You should definitely file a bug on that, because it doesn't make sense that we'd spend time doing safebrowsing checks during startup, except if you have a lot of open tabs that are being restored.
Component: General → Networking: JAR
Product: Firefox → Core
Depends on: 1340910
(In reply to Mike Hommey [:glandium] from comment #9)
> (with the defaults used by the python brotli module, which are apparently
> quality 11 (max), log window size 22, and no dictionary).

That window size seems a bit large for our data. You may want to make it smaller for better compatibility with memory-constrained devices. Also, the compressor may want to take the original file size into account and clip the window size so it isn't larger than that. Otherwise if this isn't done in the internals of the compressor, you may just waste memory on the decompressor allocating space for a window that will never be filled. Of course, there are advantages to using a single allocation for the window on the decompressor.
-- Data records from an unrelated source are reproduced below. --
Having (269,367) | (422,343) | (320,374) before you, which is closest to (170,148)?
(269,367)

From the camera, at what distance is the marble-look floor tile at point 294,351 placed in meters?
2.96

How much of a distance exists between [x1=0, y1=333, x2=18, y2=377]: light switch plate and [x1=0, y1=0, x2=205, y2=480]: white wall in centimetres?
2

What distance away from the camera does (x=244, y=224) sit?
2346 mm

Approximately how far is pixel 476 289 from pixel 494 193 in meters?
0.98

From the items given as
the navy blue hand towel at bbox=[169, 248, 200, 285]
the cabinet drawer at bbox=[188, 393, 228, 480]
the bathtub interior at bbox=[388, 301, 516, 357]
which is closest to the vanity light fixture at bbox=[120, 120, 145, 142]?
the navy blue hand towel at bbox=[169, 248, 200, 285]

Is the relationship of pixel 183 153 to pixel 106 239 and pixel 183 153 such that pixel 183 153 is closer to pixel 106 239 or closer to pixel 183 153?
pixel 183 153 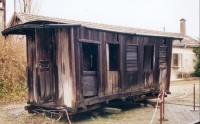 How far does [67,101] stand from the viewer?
814 cm

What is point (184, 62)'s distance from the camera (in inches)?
948

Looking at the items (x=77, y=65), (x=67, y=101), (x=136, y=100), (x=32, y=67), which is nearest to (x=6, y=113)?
(x=32, y=67)

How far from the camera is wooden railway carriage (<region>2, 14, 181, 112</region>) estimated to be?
8.03m

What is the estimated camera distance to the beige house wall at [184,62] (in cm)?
2348

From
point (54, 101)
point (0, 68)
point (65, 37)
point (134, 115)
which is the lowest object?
point (134, 115)

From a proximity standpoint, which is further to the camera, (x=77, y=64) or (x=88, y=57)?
(x=88, y=57)

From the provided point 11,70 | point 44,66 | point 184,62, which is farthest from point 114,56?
point 184,62

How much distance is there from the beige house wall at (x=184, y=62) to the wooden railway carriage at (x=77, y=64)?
1340 centimetres

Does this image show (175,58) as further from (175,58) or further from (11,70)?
(11,70)

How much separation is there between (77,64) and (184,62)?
1835 centimetres

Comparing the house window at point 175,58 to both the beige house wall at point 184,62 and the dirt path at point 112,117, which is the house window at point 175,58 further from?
the dirt path at point 112,117

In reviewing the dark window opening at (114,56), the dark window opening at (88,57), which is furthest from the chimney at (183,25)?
the dark window opening at (88,57)

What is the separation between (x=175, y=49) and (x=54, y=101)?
1727 cm

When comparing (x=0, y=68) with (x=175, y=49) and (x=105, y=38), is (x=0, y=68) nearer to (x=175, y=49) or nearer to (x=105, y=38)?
(x=105, y=38) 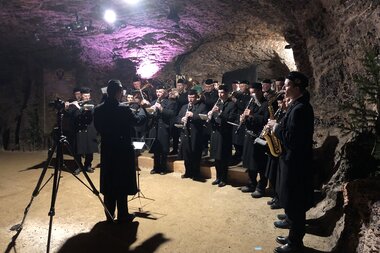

So we may want to use a single window size determined by the largest input file.

(Window sizes aren't really a problem with zlib because the max window size is 32kb and it is really hard to get into trouble with 32kb in 2017.)
(In reply to Mike Hommey [:glandium] from comment #10)
> (In reply to Gregory Szorc [:gps] from comment #8)
> > For example, mozilla::safebrowsing::LookupCacheV4::VerifyChecksum was in the stack for
> > like 5x more time than MOZ_Z_inflate_fast().
> 
> You should definitely file a bug on that, because it doesn't make sense that
> we'd spend time doing safebrowsing checks during startup, except if you have
> a lot of open tabs that are being restored.

Bug 1353956
No longer depends on: 1340910
Depends on: 1355661
Depends on: 1355671
Whiteboard: [necko-would-take]
Comment on attachment 8899726 [details]
Bug 1352595 - Add basic support for brotli compression to the packager.

https://reviewboard.mozilla.org/r/171054/#review177032

This generally seems to be on the right track.

The thing that bothers me most about this patch is trying to shoehown ``False``, ``True``, and string values to mean different compression settings. That's a recipe for bugs. I'd feel much better if we used strings (or non-bool "constants") everywhere. But the commit message implies this is meant for experimental testing. So I'm inclined to defer to a follow-up if it unblocks initial Brotli experimentation.

::: python/mozbuild/mozpack/copier.py:582
(Diff revision 1)
> -
> -                if path in old_contents:
> +                # Because l10n repacks can't handle brotli just yet, but need
> +                # to be able to decompress those files, per UnpackFinder and
> +                # formatters, we force deflate on them.
> +                if compress == JAR_BROTLI and (
> +                        isinstance(file, (ManifestFile, XPTFile)) or
> +                        mozpath.basename(path) == 'install.rdf'):
> +                    compress = True

This is a bit hacky. Per commit message, this is intended as temporary. Could you please reinforce that assertion with an in-line comment?

::: python/mozbuild/mozpack/mozjar.py:700
(Diff revision 1)
> +                    compress_level, zlib.DEFLATED, -MAX_WBITS)
> +            else:
> +                self._deflater = BrotliCompress()
>              self._deflated = BytesIO()
>          else:
> +            assert compress == False

There are ``is`` checks elsewhere. Should this be ``compress is False``?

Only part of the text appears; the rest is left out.